The Budget is a process, not an event. That much was clear this week as Rachel Reeves indicated that tax rises and, potentially, spending cuts are on the way.

Two weeks have passed since the Office for Budget Responsibility’s first forecast – estimating the size of the “black hole” she must fill – landed on the Chancellor’s desk. On Monday, Reeves will receive the second version, with three more to come ahead of the Budget on 26 November (the final one just five days before).

Think of this as a negotiation between the OBR and the Treasury, with the latter pushing for as many pro-growth measures as possible to be incorporated or “scored” in the forecast. Reeves hopes that the government’s new Planning and Infrastructure Bill as well as the three trade deals with, respectively, the US, Europe and India will be factored in (every 0.1 percentage point shift is worth £9bn).

What’s clear is that, however generous the forecast is, Reeves will need to raise taxes by far more than originally planned. The Chancellor doesn’t just want to maintain her “headroom” of £9.9bn, she wants to increase it (something that, as Morning Call reported back in July, bond vigilantes have been pushing for).
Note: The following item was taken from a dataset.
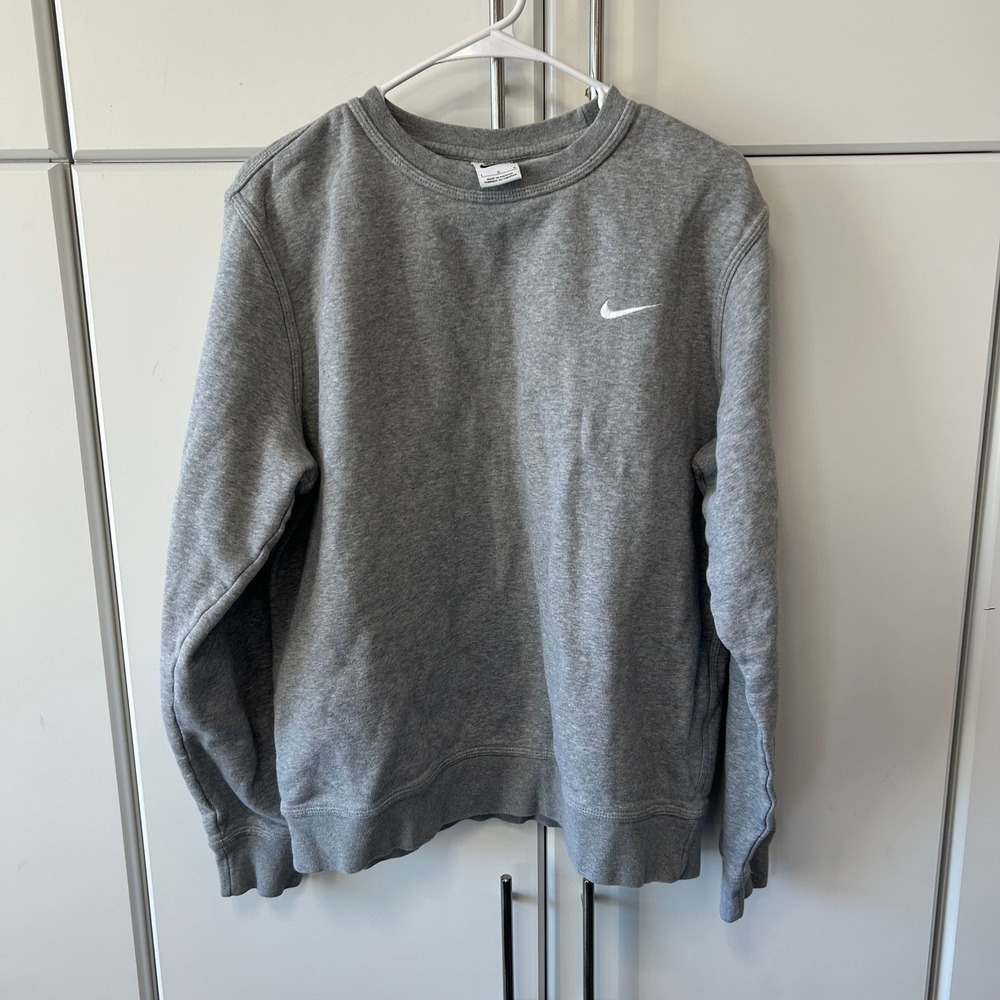 Nike Mens Sportswear Club Fleece Crewneck Sweatshirt Heather Grey Large Logo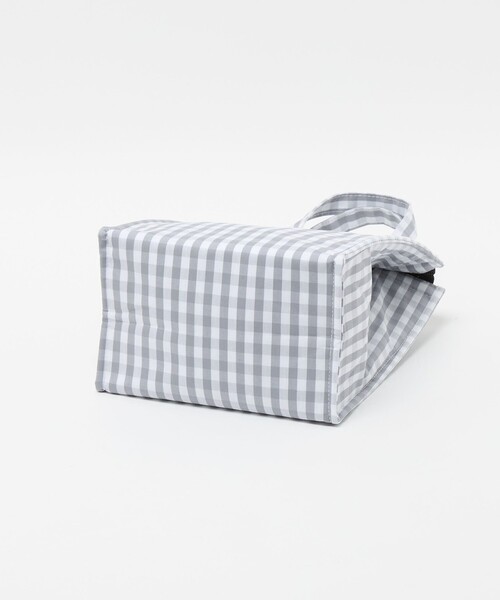 UNITED ARROWS（ユナイテッドアローズ）の「ギンガムチェック ロゴ ランチバッグ（トートバッグ・レディース・ライトグレー/ネイビー・FREE）」の7枚目の写真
An extended freeze in income tax thresholds, a new tax on online gambling and a rise in the bank profits levy are among the likely measures.

But Reeves’s defining judgement will be whether to break Labour’s manifesto and raise income tax, VAT, National Insurance (on employees) or corporation tax. The government’s past insistence that it would keep such pledges has become a looser declaration that “the manifesto stands”. Yet what stands today can be “stood down” tomorrow – as Labour’s £28bn green investment pledge was in opposition.

Those at the top of No 10 and No 11 have long dismissed voices that are intensely relaxed about abandoning the manifesto. First, it would amount to a breach of trust at a time when public cynicism about politics is already high. Second, it would directly raise voters’ cost of living even as they contend with sustained inflation.

There are recent precedents for chancellors raising taxes on low and middle earners. In 2002, Gordon Brown increased National Insurance by 1p to fund higher NHS spending; in 2021, Rishi Sunak raised NI by 1.25 points for social care. But the differences are obvious. As a former Treasury aide puts it: “One rolled the pitch, the other faced a pandemic.”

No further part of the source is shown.